On peut chercher à décrire ce qui s'est passé et ensuite à définir la meilleure amie, sa ou ses qualités.

c. Nous parlions en classe de la honte. Un élève a parlé d'une soirée un peu arrosée, passée avec ses parents, de la sortie du resto gaie et sympathique. Il nous a dit qu'il a rencontré un copain de classe qui l'a salué. Il a rougi pour ses parents de leur gaité. Nous avons analysé tous les ressentis de chacun. Et évidement la honte et la rougeur.

Ces trois exemples, pour peu qu'on les voie, sont à peu près ce que les Sciences de l'Éducation appellent un conflit cognitif ou une situation problème. Une question surgit d'une réalité que je ne regarde pas, ou que je n'accepte pas, ou plutôt que je ne comprends pas telle qu'elle est. Cela présuppose que j'aie la disponibilité de la voir et le temps pour la regarder, et me laisser déranger, voire déplacer, et finalement que je m'y attarde pour la penser. Cela fait réfléchir parce que mes cadres normaux n'ont pas d'outils tout prêts pour penser cette situation. Faire regarder la réalité dérangeante est assez simple. Ce qui trouble c'est qu'on n'avait pas pensé ce fait avant, qu'on n'avait pas pensé à regarder.

d. Je travaillais dans un lycée qui était construit à l'orée d'une forêt, près d'une falaise. Les élèves arrivaient toujours vite et endormis, pensant à leur interrogation écrite, et ne voyant rien. Un jour où la vue sous la neige et la lumière entre les arbres étaient spécialement belles, je suis entrée en classe et j'ai demandé de s'habiller et sortir. On est resté 10 min en silence. Puis nous sommes entrés en classe et j'ai demandé de décrire cette expérience.

e. Nous avons vu en classe un film nommé Dans l'angle mort, sur la secrétaire d'Hitler.

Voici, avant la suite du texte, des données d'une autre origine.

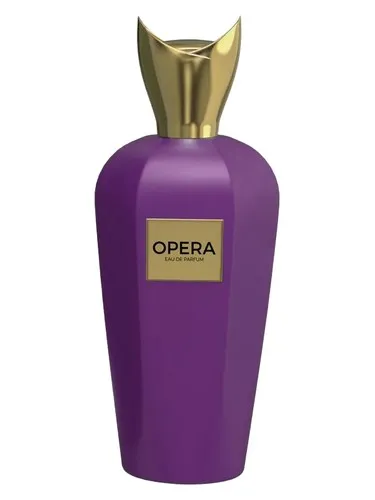 Perfume Opera de Milestone Perfumes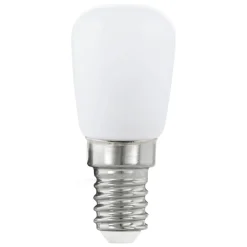 Bissolo Casa Lampadine<LAMPADINA A LED PER FRIGO 5.9CM - E14 ST26 2.5W 220-240V 25000H: vendita online LAMPADINA A LED PER FRIGO 5.9CM - E14 ST26 2.5W 220-240V 25000H in offerta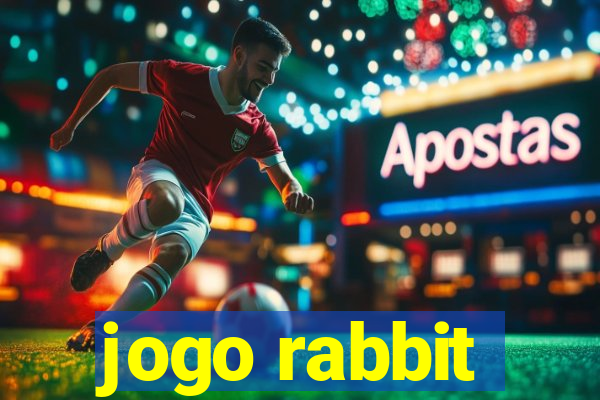 jogo rabbit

En sortant nous avons travaillé sur notre gêne pour essayer de la comprendre : comment une secrétaire d'Hitler avait-elle pu être une gentille personne jeune et comme-il-faut et ne pas avoir vu/su/compris/participé ? Pourquoi, alors qu'elle n'avait rien fait, a-t-elle eu une dépression quand elle a su et compris quelques années après ? De quoi se sentait-elle coupable ? De ne pas avoir su penser ? A-t-on la responsabilité de voir ?

f. Parfois, si on prend une image drôle, elle fait le même effet de provoquer la pensée. Par exemple Sempé est un dessinateur pascalien. Il montre souvent la découverte de la petitesse de l'homme face à l'infini de l'univers et des questions. Or il dessine le moment de cette découverte étonnante de la disproportion, comme une photo instantanée du moment du kairos. Ceci permet aux élèves de revivre un moment semblable.

Il faudrait pouvoir donner le temps de penser, concéder le silence qui fait se confronter à soi-même. Cette approche qui consiste à donner le temps et pousser les jeunes à ouvrir les yeux, les font peu à peu le faire par eux-mêmes. On peut ainsi prendre l'habitude d'exercer l'étonnement. La finalité est de revenir au réel pour le voir, le regarder, le penser, pour l'interpréter. Ce travail est celui du philosophe. Si la philosophie commence avec l'étonnement, il ne s'agit pas de l'étonnement devant un texte mais devant le réel.

On peut (et peut-être on doit) après ce genre d'exercice parvenir au texte, ou au reste de ce qu'on appelle normalement "philosophie", et arriver à désirer découvrir les autres penseurs de l'histoire comme on a découvert sa propre pensée et celle des collègues de classe.